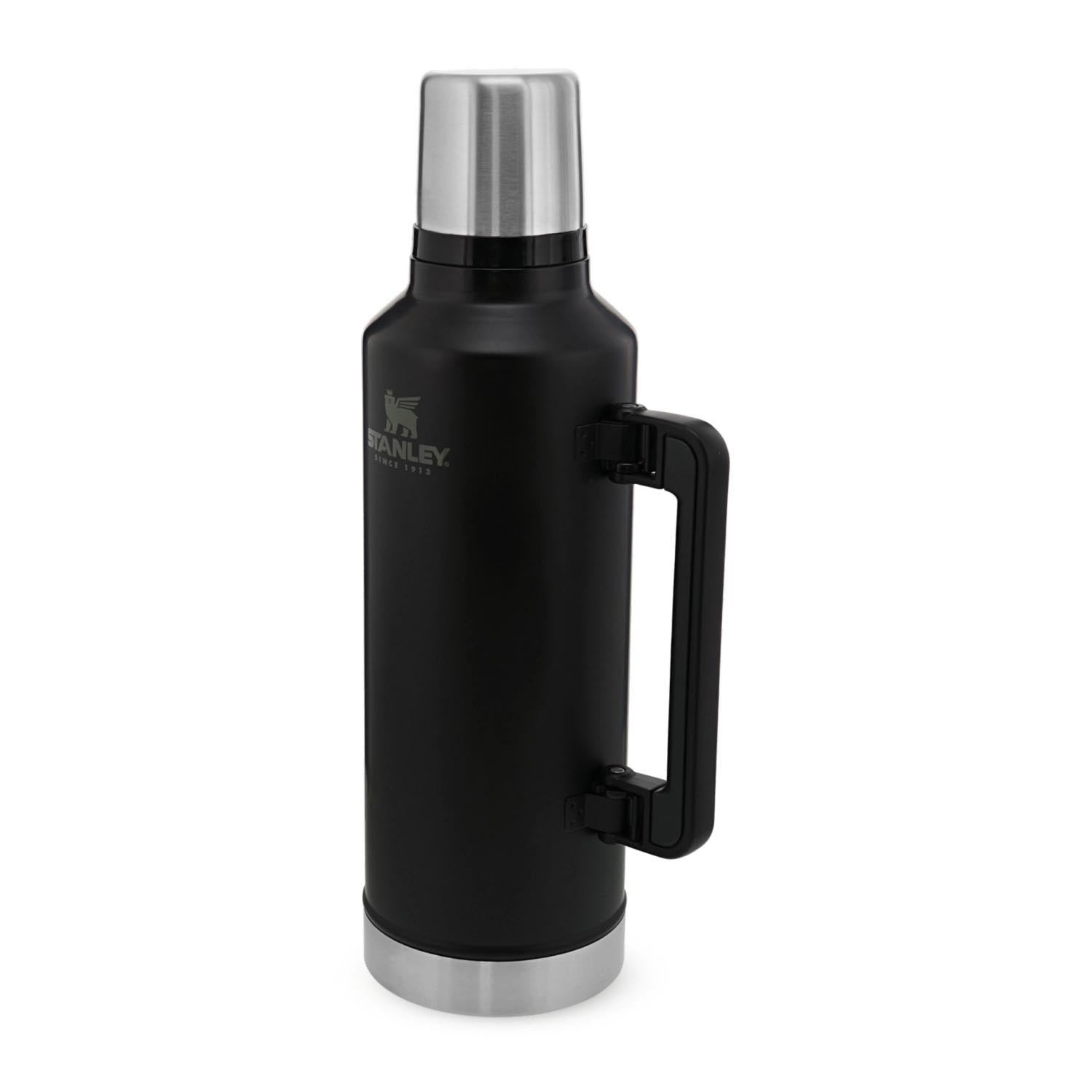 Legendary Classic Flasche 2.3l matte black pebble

==

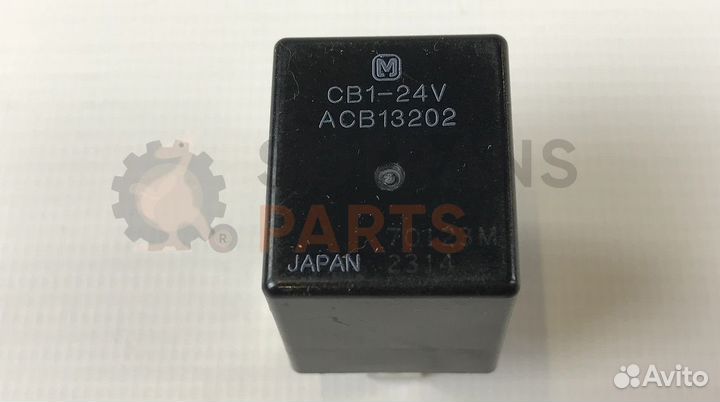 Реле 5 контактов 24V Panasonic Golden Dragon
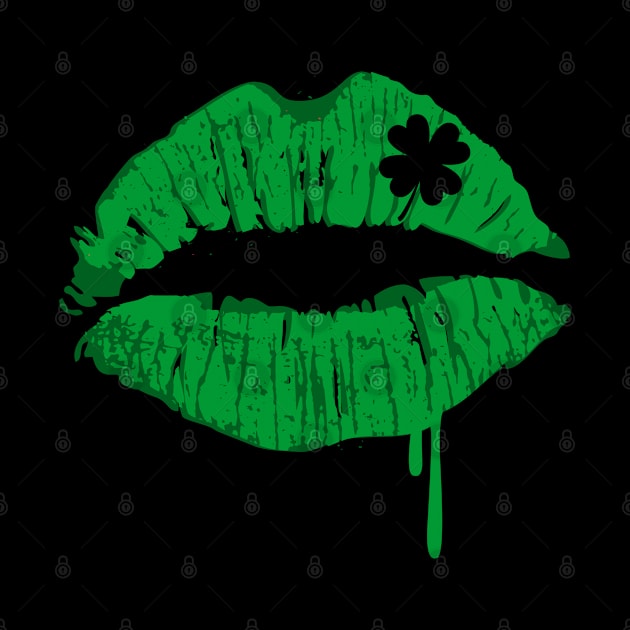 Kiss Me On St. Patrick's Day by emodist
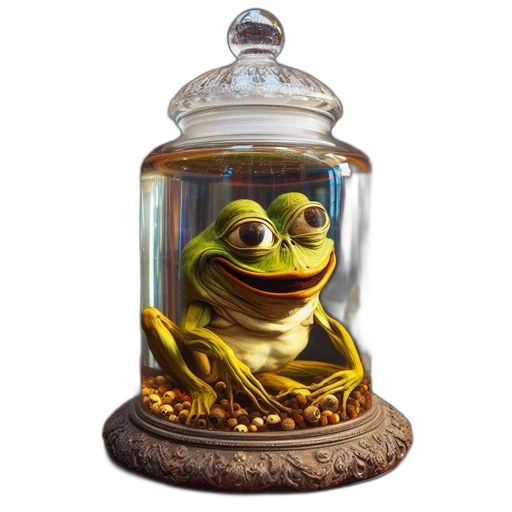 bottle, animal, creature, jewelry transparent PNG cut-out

--

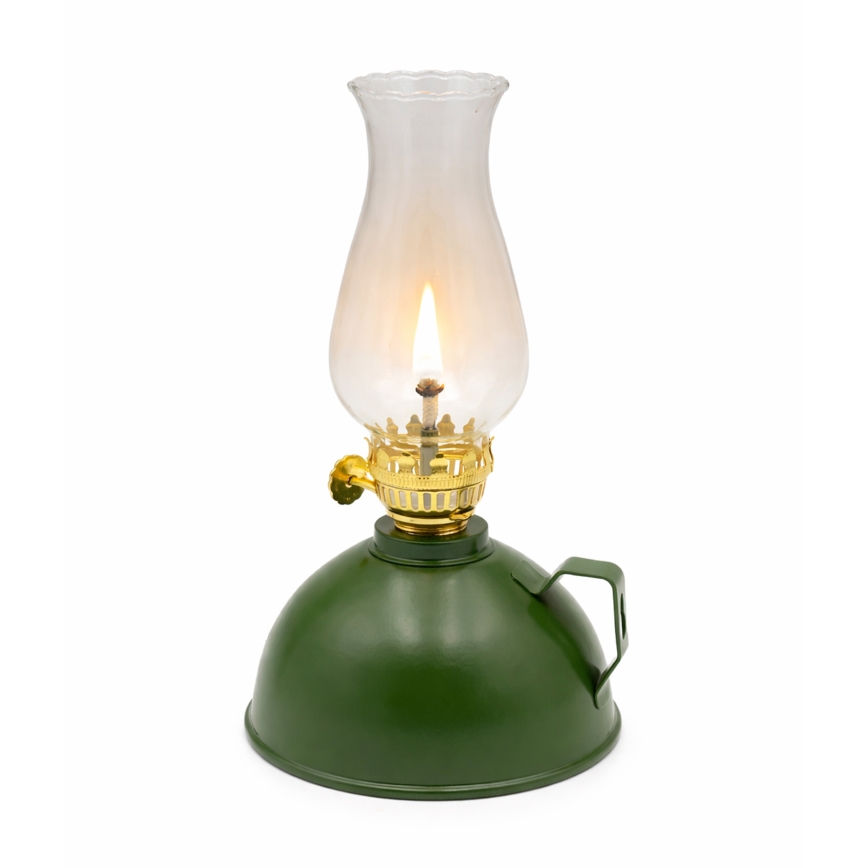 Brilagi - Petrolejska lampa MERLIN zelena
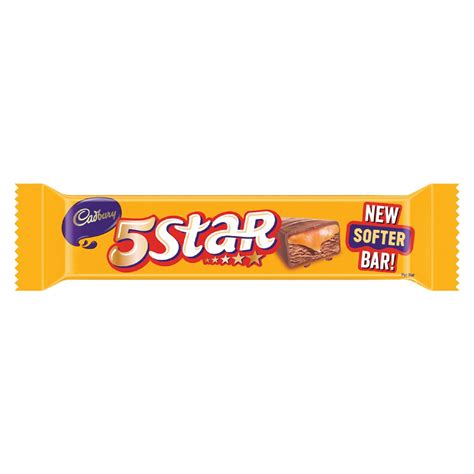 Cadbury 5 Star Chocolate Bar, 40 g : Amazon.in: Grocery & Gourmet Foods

### Your assignment
Only one stretch of the listing is wanted: the lines starting at the one with "Реле 5 контактов 24V Panasonic Golden Dragon" and ending at the one with "bottle, animal, creature, jewelry", copied exactly and free of pictures.

### Task response
 Реле 5 контактов 24V Panasonic Golden Dragon
 Kiss Me On St. Patrick's Day by emodist
 bottle, animal, creature, jewelry transparent PNG cut-out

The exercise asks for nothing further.